AAT levels in supernatant were determined by quantitative ELISA, using two specific monoclonal antibodies against AAT. Level of protein expression was determined in ten Mut⁺, three Mut^s, and one non-recombinant X-33 clones. According to our data, methanol induction at concentration of 0.5% (v/v) for the first day and 1% (v/v) for the next two days could result in highest level of protein secretion in Mut⁺ phenotype. Average quantities of protein expression were 60 mg/l and 44 mg/l after 72 hr for Mut⁺ and Mut^s clones, respectively (Figure 4).

Data from the activity assays provided an increase in detected fluorescence levels when the elution buffer and/or the supernatant of non-recombinant X-33 culture were screened. However, no changes were seen for commercial AAT and the recombinant AAT (Figure 5).

After staining with Coomassie brilliant dye, recombinant AAT protein was visualized as three bands in IEF acrylamide gel migrating at 5.1 to 5.2 kDa, while plasma derived AAT was detected as five bands from 4.7 to 4.9 kDa (data was not shown).

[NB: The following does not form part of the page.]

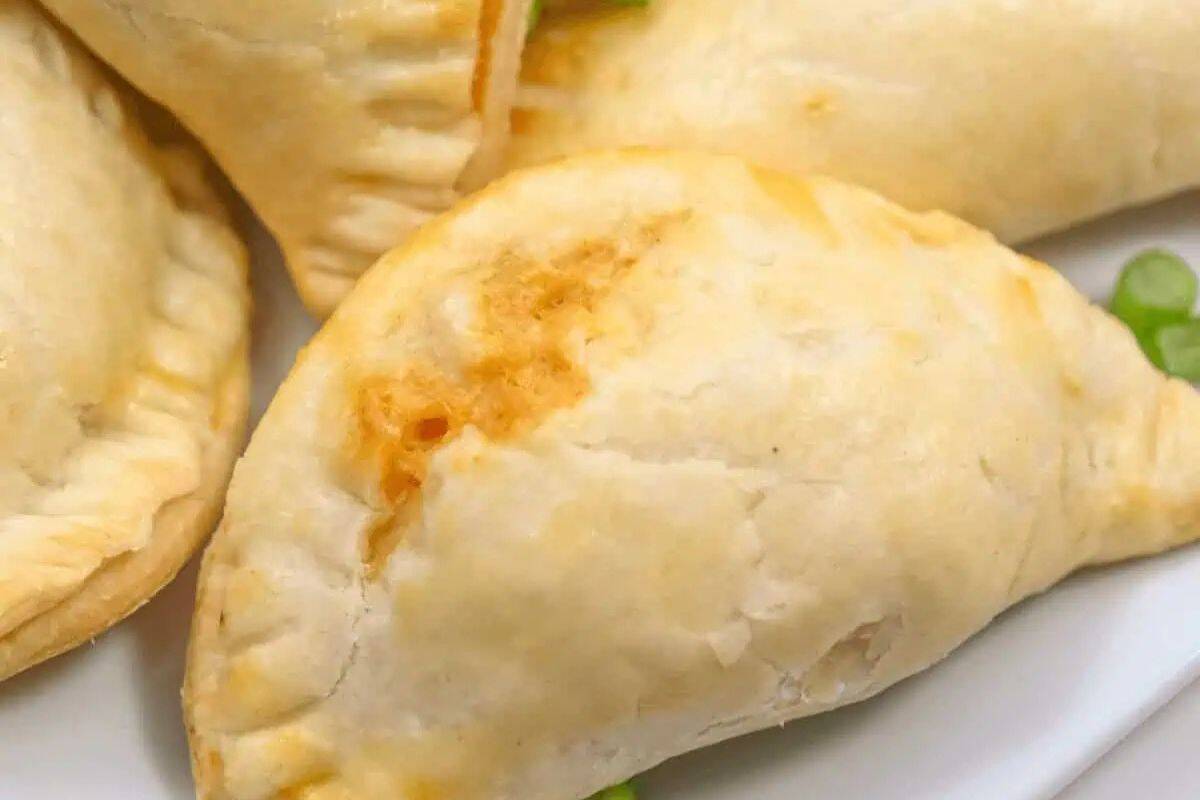 Close-up of baked empanadas with golden crust, arranged on a white plate—perfect for adding to your party food recipes collection.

To investigate whether the protein bands with higher molecular weight were due to different glycosylation, we expressed the AAT in media containing tunicamycin which blocks glycosylation in vivo, and analysed the supernatant by SDS-PAGE and western blotting. In the presence of tunicamycin the AAT band shifted to a position lowers than that of natural and recombinant proteins (Figure 6).